Nadine Ughetto, présidente de l’association

Les autres activités de l’association sont éclatées sur trois autres sites : le soutien scolaire et les animations ont lieu rue Jean-Roque. Le centre aéré se passe sur l’école Chabanon et l’accompagnement des ménages bénéficiaires d’une aide alimentaire sur un troisième site. “Il est certain que cela nous impose de revoir notre façon de fonctionner, constate Nadine Ughetto, la présidente de l’association. Avant, il y avait plus de circulation entre les différentes fonctions que remplit l’association, plus de fluidité dans le travail. C’est dommage parce que nous sommes labellisés Espace de vie sociale par la Caisse d’allocations familiales et nous ne pouvons pas pleinement jouer ce rôle.

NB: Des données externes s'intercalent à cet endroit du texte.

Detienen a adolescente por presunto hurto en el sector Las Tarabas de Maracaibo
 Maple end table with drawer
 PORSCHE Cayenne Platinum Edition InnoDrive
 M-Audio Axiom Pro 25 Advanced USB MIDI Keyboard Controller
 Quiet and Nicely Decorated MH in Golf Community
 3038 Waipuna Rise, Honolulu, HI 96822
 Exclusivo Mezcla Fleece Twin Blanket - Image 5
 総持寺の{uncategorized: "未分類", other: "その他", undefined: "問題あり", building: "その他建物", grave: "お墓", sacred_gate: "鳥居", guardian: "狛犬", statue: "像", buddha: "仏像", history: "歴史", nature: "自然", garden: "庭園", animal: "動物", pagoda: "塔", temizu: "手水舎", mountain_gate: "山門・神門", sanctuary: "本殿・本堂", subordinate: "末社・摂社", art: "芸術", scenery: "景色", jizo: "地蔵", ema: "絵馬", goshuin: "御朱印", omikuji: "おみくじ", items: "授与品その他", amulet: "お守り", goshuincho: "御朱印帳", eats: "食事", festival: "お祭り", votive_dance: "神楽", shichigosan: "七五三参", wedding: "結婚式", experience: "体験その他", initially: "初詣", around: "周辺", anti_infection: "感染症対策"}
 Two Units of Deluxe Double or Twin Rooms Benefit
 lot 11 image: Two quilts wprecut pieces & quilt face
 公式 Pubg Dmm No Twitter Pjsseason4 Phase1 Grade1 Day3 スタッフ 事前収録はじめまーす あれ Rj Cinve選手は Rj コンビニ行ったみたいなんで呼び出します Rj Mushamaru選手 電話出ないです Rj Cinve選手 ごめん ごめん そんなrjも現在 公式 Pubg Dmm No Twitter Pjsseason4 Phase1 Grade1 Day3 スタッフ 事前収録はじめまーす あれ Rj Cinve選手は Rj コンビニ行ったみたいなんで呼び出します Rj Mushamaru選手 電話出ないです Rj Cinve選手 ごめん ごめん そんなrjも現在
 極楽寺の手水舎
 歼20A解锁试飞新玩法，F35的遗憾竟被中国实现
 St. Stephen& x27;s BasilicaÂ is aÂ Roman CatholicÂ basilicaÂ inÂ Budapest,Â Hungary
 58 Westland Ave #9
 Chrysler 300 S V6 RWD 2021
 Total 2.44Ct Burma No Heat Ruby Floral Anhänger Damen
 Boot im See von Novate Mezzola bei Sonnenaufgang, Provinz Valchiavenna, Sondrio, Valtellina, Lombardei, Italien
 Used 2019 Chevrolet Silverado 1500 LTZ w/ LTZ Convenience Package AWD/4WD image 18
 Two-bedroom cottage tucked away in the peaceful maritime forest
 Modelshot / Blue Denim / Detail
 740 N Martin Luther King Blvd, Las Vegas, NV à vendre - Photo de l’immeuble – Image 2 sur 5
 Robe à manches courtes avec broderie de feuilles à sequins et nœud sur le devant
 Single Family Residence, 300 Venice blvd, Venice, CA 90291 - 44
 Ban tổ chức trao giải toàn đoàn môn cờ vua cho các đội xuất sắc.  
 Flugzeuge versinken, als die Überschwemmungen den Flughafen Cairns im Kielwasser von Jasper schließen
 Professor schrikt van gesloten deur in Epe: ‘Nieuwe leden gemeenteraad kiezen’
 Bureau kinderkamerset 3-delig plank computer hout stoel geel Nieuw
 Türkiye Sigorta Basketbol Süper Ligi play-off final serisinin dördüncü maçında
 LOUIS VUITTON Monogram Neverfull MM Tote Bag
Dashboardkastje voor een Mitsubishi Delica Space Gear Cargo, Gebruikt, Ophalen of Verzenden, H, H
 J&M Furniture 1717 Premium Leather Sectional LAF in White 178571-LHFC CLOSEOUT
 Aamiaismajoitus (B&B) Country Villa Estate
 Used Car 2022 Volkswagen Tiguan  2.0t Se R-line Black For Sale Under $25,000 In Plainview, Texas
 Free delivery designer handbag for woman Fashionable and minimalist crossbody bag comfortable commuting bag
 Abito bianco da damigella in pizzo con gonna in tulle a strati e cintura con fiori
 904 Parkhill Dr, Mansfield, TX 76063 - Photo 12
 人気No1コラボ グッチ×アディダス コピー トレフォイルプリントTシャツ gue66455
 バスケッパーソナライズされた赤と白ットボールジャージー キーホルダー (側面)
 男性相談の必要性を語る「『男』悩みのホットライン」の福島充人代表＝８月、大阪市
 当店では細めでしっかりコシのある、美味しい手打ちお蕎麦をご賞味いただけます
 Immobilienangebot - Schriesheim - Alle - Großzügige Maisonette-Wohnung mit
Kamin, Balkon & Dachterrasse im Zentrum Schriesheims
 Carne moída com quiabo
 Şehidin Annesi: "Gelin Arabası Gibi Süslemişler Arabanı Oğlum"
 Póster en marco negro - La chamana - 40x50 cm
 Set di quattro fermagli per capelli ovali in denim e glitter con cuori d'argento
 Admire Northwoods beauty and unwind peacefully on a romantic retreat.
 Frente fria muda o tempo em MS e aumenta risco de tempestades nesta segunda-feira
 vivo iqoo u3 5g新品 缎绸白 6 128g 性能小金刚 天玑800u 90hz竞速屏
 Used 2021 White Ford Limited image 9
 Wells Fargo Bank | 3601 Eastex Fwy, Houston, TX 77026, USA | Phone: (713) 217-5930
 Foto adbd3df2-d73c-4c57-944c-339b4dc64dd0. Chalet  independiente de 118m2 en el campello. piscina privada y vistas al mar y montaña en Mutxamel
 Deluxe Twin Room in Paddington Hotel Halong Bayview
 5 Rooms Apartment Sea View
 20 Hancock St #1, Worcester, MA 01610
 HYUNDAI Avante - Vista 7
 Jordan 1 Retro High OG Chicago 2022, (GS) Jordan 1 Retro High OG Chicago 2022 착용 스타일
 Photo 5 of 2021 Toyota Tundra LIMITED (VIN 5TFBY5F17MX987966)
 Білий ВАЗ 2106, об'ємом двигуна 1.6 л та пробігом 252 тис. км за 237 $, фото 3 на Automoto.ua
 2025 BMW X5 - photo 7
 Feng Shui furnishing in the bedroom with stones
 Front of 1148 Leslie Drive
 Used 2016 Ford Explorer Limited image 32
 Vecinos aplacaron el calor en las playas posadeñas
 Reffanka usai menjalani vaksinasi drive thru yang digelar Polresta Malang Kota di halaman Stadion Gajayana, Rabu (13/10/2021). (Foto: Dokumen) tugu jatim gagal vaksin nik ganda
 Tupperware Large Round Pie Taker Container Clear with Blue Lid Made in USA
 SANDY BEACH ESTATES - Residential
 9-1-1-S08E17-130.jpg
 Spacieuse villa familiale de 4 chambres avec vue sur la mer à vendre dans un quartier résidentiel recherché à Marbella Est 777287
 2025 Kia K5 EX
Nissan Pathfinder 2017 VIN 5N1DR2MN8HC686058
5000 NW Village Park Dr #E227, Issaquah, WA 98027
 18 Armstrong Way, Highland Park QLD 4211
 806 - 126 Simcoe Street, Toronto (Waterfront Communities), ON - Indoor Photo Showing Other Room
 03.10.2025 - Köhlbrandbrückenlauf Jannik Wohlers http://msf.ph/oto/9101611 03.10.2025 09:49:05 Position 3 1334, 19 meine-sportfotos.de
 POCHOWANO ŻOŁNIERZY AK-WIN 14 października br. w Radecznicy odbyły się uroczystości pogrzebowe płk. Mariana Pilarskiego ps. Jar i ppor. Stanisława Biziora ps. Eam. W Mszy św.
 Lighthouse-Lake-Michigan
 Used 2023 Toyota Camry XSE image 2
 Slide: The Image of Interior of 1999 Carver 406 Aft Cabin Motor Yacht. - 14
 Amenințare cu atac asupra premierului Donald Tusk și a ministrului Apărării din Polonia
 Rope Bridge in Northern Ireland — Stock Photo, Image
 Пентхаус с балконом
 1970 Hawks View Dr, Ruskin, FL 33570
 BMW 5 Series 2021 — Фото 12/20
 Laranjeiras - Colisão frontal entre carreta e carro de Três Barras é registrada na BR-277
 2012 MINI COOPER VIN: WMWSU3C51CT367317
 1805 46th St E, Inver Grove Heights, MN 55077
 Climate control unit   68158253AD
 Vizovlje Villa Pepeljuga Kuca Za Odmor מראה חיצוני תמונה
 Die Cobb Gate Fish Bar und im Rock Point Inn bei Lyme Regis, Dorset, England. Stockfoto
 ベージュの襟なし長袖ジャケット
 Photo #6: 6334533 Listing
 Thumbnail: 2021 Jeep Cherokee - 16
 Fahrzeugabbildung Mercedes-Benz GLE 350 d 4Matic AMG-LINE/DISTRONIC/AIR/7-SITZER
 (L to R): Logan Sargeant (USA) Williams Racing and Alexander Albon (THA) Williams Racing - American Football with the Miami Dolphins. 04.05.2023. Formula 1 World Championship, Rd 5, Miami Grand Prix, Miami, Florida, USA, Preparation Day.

L’arrêté de péril leur permet au moins d’espérer une prise en charge totale de leur loyer, le temps que le péril soit résolu. Jusqu’à lors, la Ville prenait en charge la différence de loyer entre le local de la Canebière et le siège historique de la rue d’Aubagne. “Mais il est surtout difficile de se projeter sans certitude sur une réintégration“, se désole la présidente. Avec l’étirement des délais, la construction du futur centre social de Noailles que le quartier attend depuis des lustres aura démarré avant que la grille de Destination familles rouvre rue d’Aubagne.